## TASK DESCRIPTION
Starting with the line that holds "Alt view image" and stopping after the line that holds "Poster cloud computing", repeat the lines below word for word, without the pictures.

## EXCERPTED DATA
◆ ◆ ◆ ◆ ◆ ◆ ◆

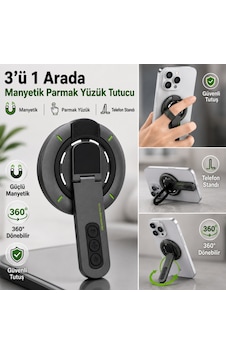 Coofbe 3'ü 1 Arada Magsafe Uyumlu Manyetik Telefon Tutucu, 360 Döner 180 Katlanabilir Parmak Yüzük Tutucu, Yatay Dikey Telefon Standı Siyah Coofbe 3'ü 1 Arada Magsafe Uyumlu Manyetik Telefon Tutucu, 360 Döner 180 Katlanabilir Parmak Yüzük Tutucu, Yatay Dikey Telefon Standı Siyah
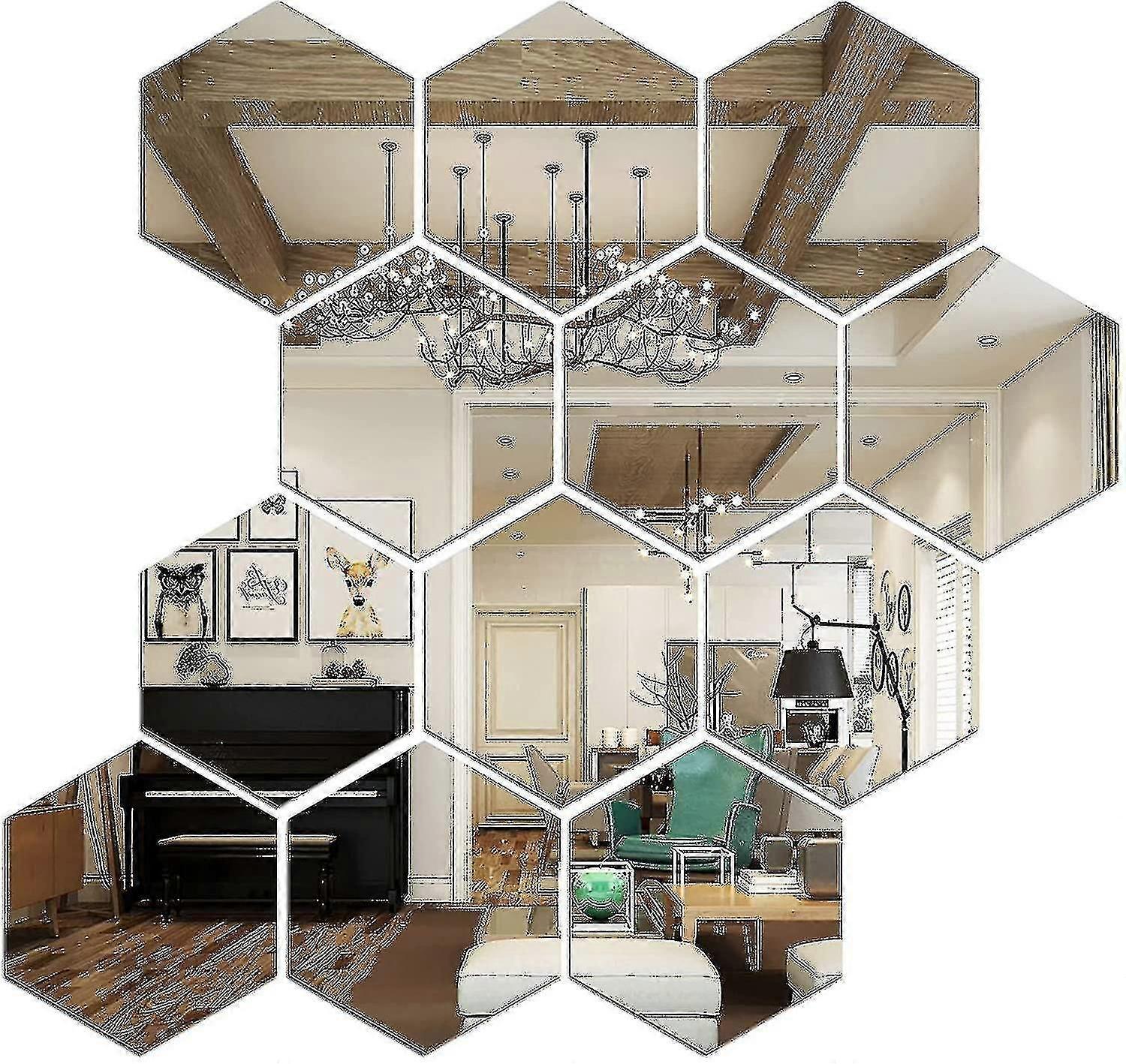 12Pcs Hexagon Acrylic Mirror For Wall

◆ ◆ ◆ ◆ ◆ ◆ ◆

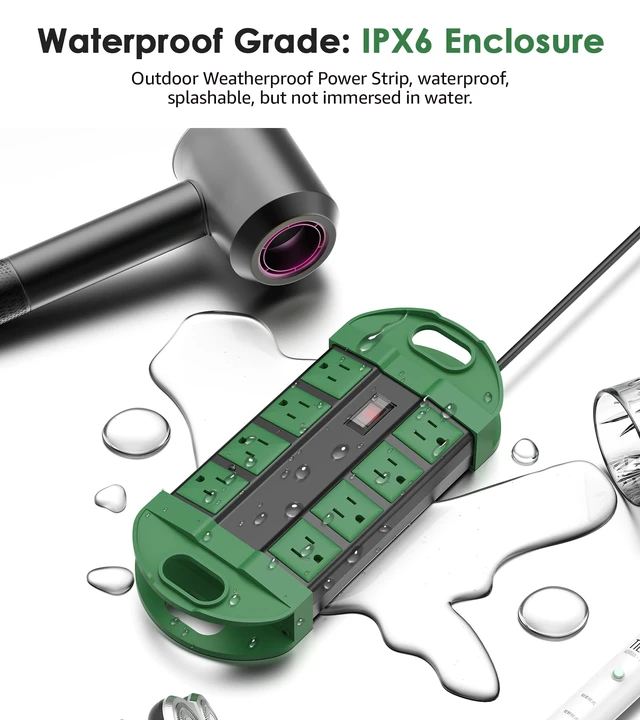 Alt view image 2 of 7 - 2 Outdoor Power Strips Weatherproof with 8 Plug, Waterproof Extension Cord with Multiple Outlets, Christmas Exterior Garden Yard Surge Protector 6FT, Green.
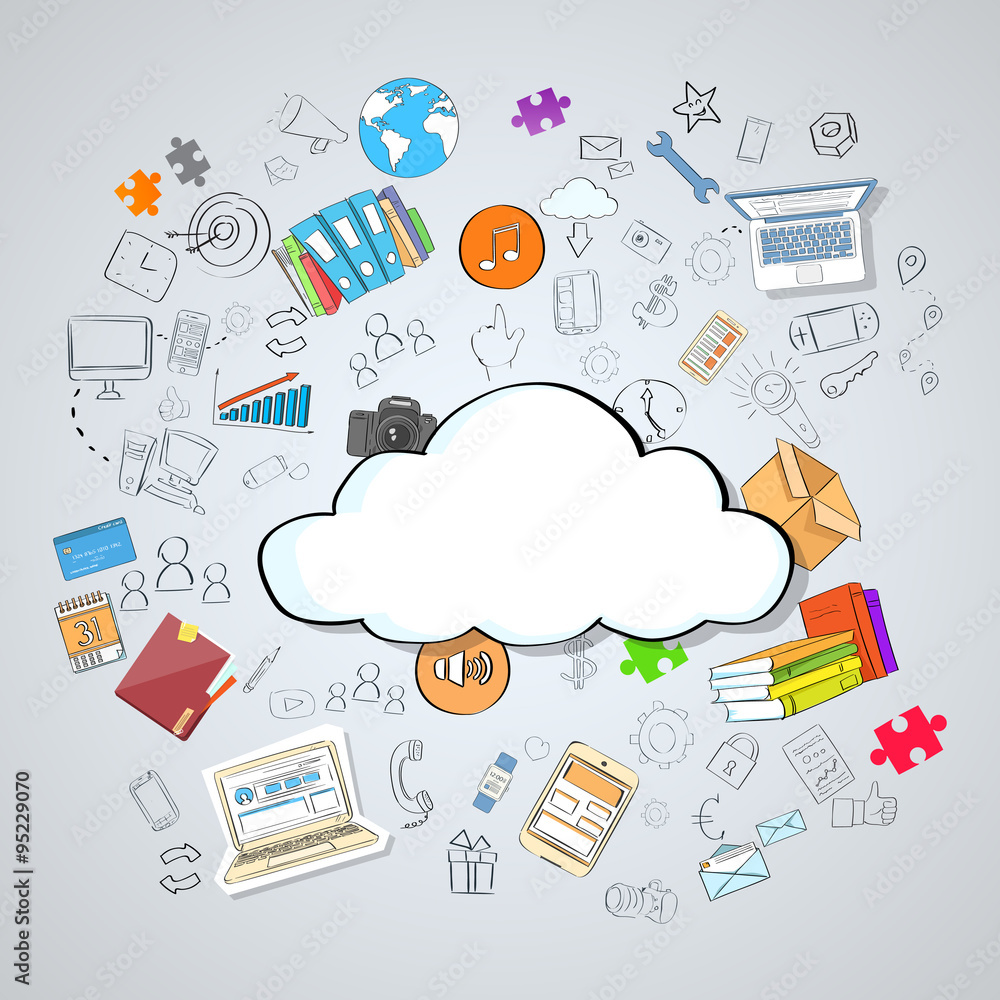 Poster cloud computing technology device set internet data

◆ ◆ ◆ ◆ ◆ ◆ ◆

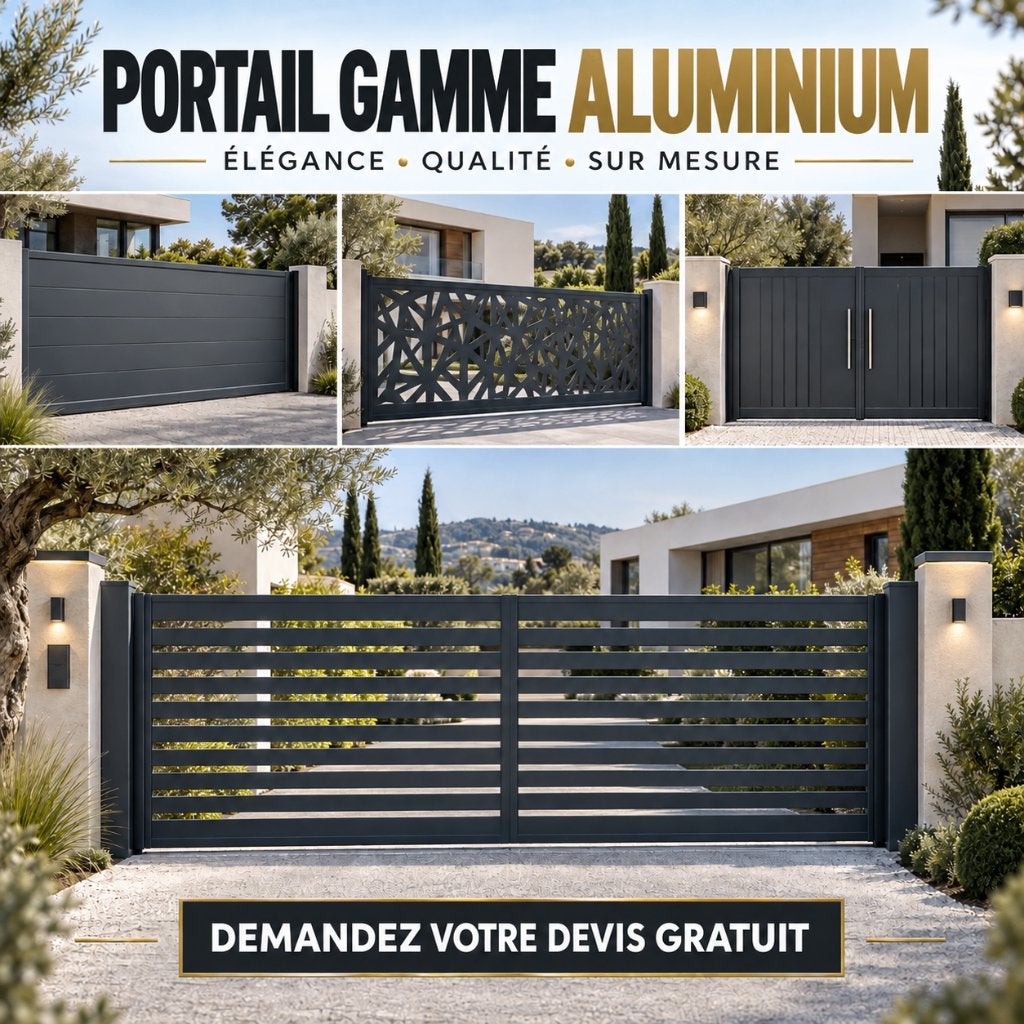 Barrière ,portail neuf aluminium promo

◆ ◆ ◆ ◆ ◆ ◆ ◆

## ANSWER AREA
 Alt view image 2 of 7 - 2 Outdoor Power Strips Weatherproof with 8 Plug, Waterproof Extension Cord with Multiple Outlets, Christmas Exterior Garden Yard Surge Protector 6FT, Green.
 Poster cloud computing technology device set internet data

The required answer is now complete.